# [Exercise prompt]
Please copy exactly the part of the records below that opens with the line containing "Edikted Isola Crochet Shorts In White" and closes with the line containing "Cinderella Girl’s Pink", leaving out any pictures.

# [Exercise input]

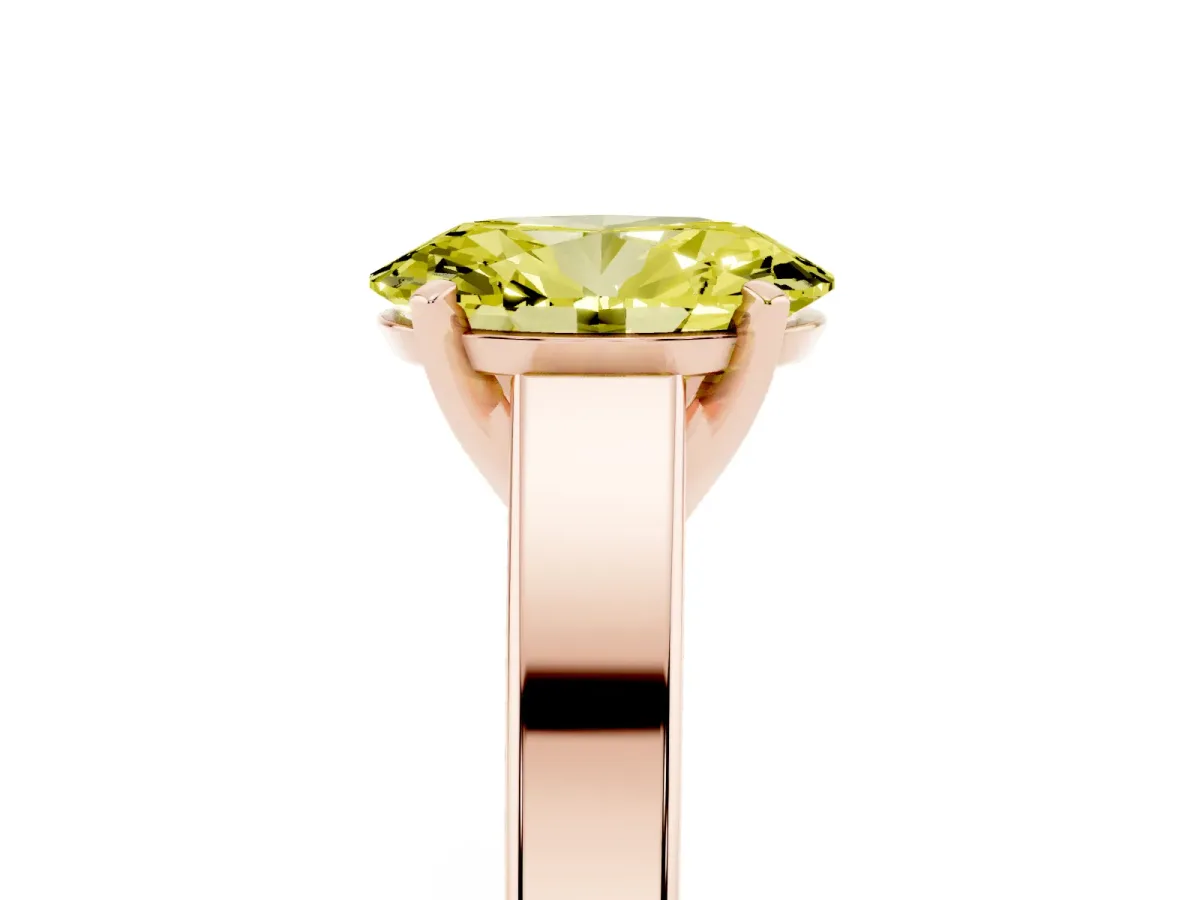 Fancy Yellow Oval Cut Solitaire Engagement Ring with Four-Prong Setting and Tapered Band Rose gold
* * *
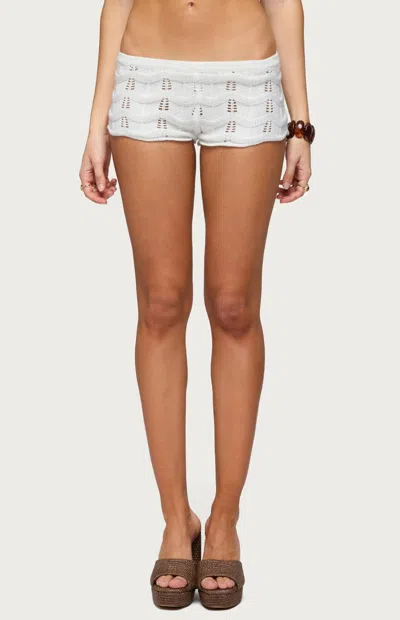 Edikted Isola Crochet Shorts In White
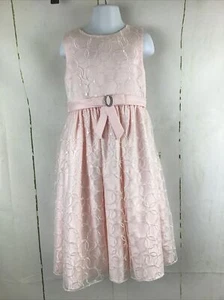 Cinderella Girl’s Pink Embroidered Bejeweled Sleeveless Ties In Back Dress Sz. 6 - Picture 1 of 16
==
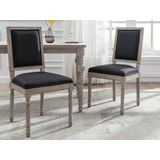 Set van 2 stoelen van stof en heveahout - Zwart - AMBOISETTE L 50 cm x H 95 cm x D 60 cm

# [Response to this task]
 Edikted Isola Crochet Shorts In White
 Cinderella Girl’s Pink Embroidered Bejeweled Sleeveless Ties In Back Dress Sz. 6 - Picture 1 of 16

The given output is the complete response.